Thorneycroft was born in 1909, and educated at Eton and the Royal Military Academy, Woolwich. In 1930 he was commissioned in the Royal Artillery. He was called to the Bar in 1935 and elected to Parliament as Conservative MP for Stafford in 1938. Following the outbreak of war he served for a brief spell with the Royal Artillery on the south coast and then on the Joint Planning Committee of the General Staff.
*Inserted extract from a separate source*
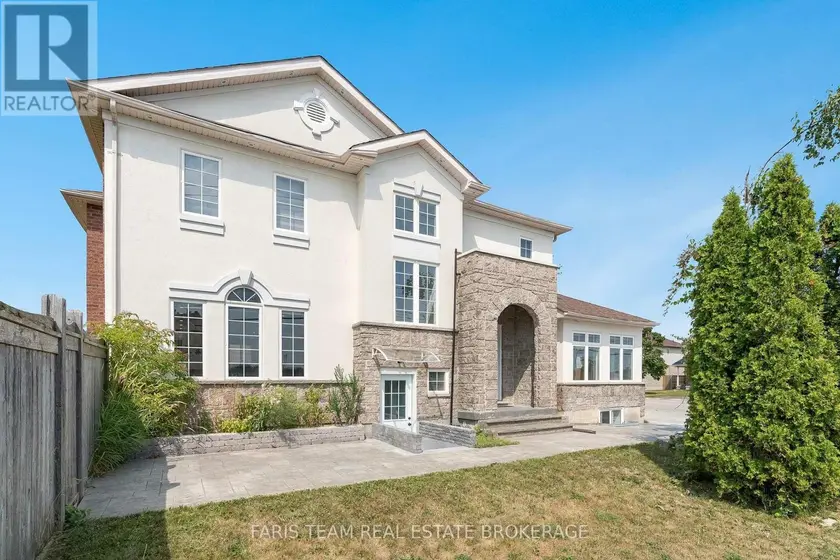 Detached at 2 VANESSA DRIVE, Orillia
Peter Thorneycroft was among those young Conservative MPs who were dissatisfied with the party's grudging response to the Beveridge Report. He became the leading personality of the Tory Reform Committee, who dined at the Connaught, pamphleteered in support of Beveridge and the Welfare State, and harried their more cautious elders in the House of Commons. Thorneycroft's effectiveness in the House marked him out. In November 1942 Chips Channon witnessed 'Peter Thorneycroft, looking a mere boy, rise and with very little shyness, though just enough, hold the House as he seconded the Gracious Speech. It was an admirable performance.' His first ministerial office was as Parliamentary Secretary at the Ministry of War Transport in the caretaker government of May-July 1945.
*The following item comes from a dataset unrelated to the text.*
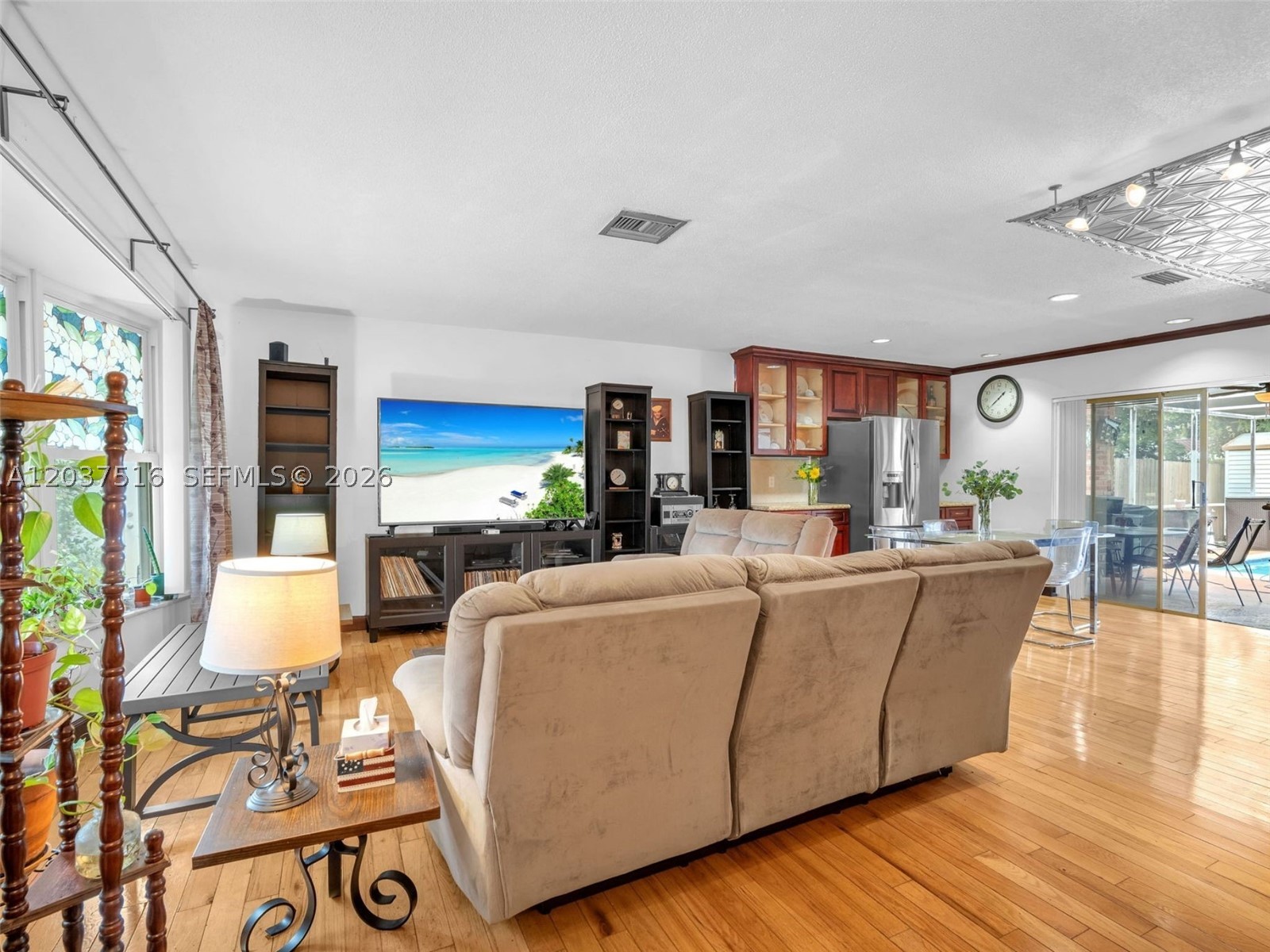 HOLLYWOOD HILLS AMEN PLAT - Residential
He lost his seat in the July 1945 election, but was returned for Monmouth at a by-election in the following October.

The Tory Reform Committee was a major influence in the revitalisation of the Conservative Party after the 1945 landslide. Thorneycroft also chaired the committee which produced, in 1946, Design for Freedom, a pamphlet jointly signed by 111 Conservative and Liberal candidates and MPs.
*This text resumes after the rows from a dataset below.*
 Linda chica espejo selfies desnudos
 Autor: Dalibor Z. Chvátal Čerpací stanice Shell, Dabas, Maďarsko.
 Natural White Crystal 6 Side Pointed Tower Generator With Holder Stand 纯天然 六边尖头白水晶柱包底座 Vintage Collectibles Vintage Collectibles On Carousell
The authors of Design for Freedom sought to reconcile the 'bitter conflict between the rival advocates of state and private enterprise'. They called for 'a degree of planning and state activity which would have been wholly unacceptable to the Conservative Party in the years between the wars'. Planning would 'treat this nation as one nation, not as two'. Men were not mere 'units of production'; freedom was not 'a mere absence of controls' but a 'fighting faith'. The purpose of the 'endless adventure' of politics was to create a 'free and responsible society'.

Though the attempt to bring together the Conservative and the Liberal Parties did not prosper, the thinking of the Tory Reform Committee and Design for Freedom prepared the way for RA Butler's work at the Conservative Research Department, The Industrial Charter of 1947, and the publication of One Nation in 1950.

During this period of opposition Thorneycroft also continued to build his reputation as a parliamentary performer. Channon described Thorneycroft's debating style in 1950 as 'splendid, hard- hitting, effective and supremely confident; he has the grand manner'. Inviting him to speak from the Opposition front bench, Churchill teasingly explained: 'I'm putting you up as an insult to Herbert Morrison.' In 1951 Churchill appointed Thorneycroft to the Cabinet, at the age of 42, as President of the Board of Trade.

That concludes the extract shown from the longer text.